▸ **The task**
Every line from the top of the records through the one bearing "Good evening, everybody, and" is to be reproduced exactly, and pictures are to be left out.

★ ★ ★ ★

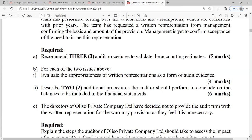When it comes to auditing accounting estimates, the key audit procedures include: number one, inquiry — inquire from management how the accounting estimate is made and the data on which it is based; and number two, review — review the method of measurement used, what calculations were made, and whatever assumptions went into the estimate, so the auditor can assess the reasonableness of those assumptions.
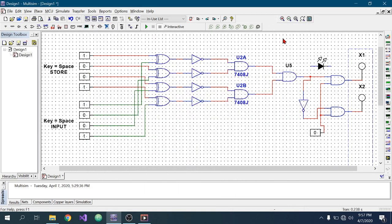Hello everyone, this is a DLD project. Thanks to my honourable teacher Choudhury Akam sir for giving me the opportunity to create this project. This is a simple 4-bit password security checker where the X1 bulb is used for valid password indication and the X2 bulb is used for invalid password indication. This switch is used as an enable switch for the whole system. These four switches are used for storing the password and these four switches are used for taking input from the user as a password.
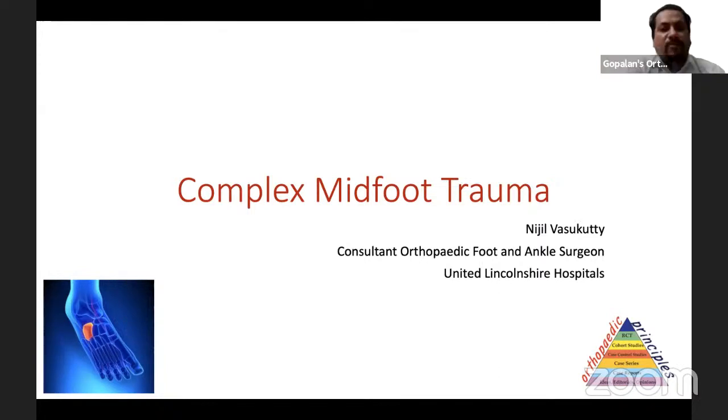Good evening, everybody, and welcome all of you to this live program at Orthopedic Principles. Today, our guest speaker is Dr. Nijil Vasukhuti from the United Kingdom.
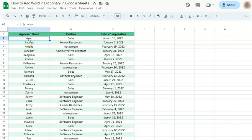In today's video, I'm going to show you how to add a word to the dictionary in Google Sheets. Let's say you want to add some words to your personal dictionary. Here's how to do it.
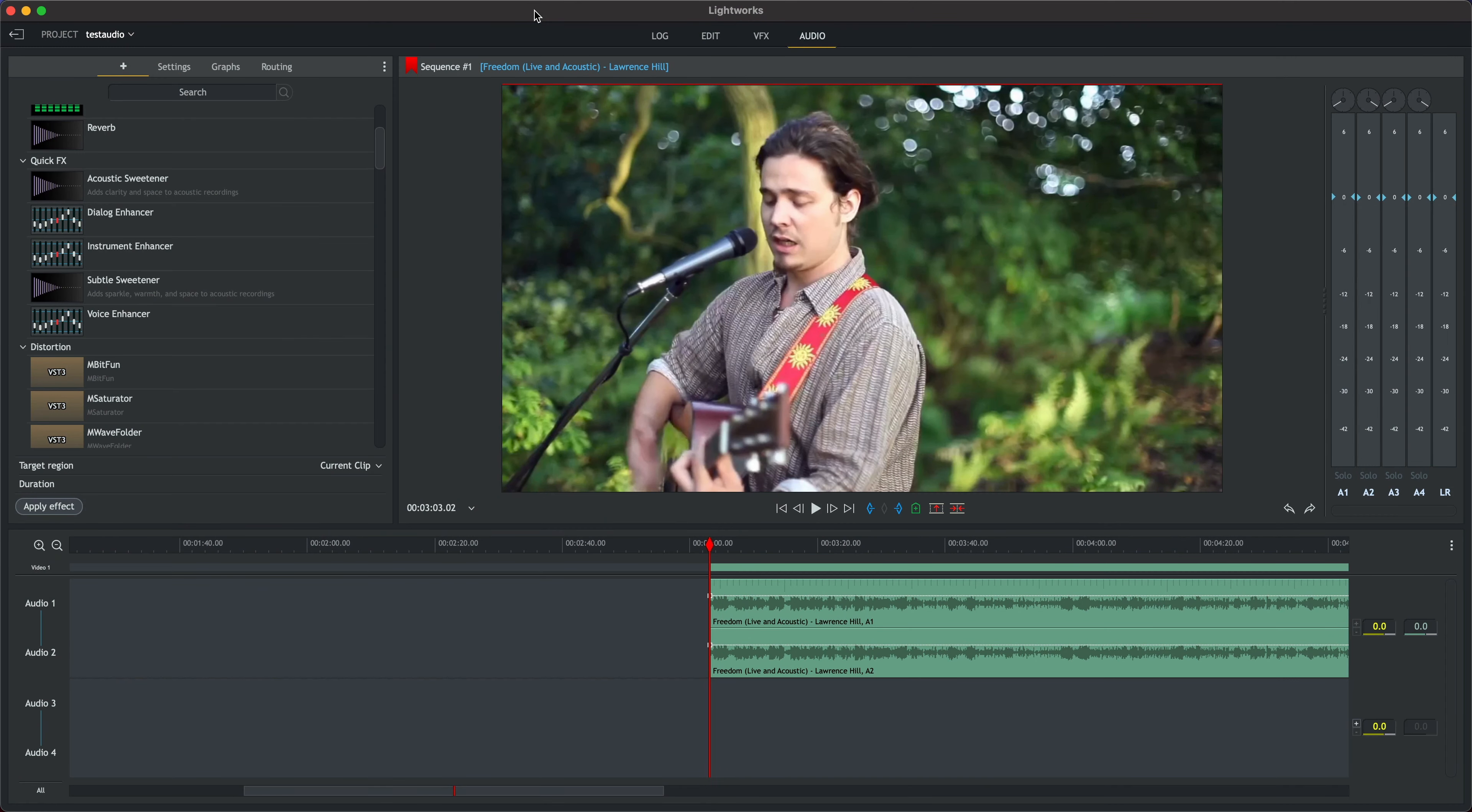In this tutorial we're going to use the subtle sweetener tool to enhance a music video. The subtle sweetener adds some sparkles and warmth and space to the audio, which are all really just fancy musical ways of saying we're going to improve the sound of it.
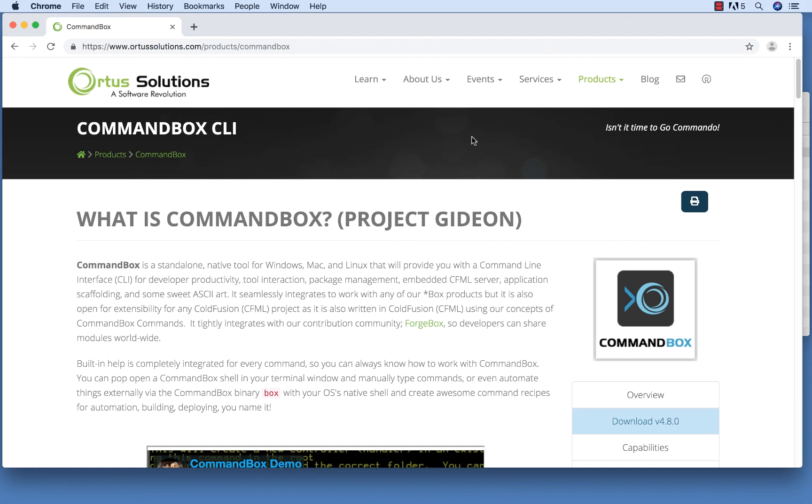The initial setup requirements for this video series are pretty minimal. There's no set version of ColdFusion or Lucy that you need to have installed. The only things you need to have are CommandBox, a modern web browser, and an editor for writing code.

★ ★ ★ ★

▸ **Answer to this problem**
When it comes to auditing accounting estimates, the key audit procedures include: number one, inquiry — inquire from management how the accounting estimate is made and the data on which it is based; and number two, review — review the method of measurement used, what calculations were made, and whatever assumptions went into the estimate, so the auditor can assess the reasonableness of those assumptions.
Hello everyone, this is a DLD project. Thanks to my honourable teacher Choudhury Akam sir for giving me the opportunity to create this project. This is a simple 4-bit password security checker where the X1 bulb is used for valid password indication and the X2 bulb is used for invalid password indication. This switch is used as an enable switch for the whole system. These four switches are used for storing the password and these four switches are used for taking input from the user as a password.
Good evening, everybody, and welcome all of you to this live program at Orthopedic Principles. Today, our guest speaker is Dr. Nijil Vasukhuti from the United Kingdom.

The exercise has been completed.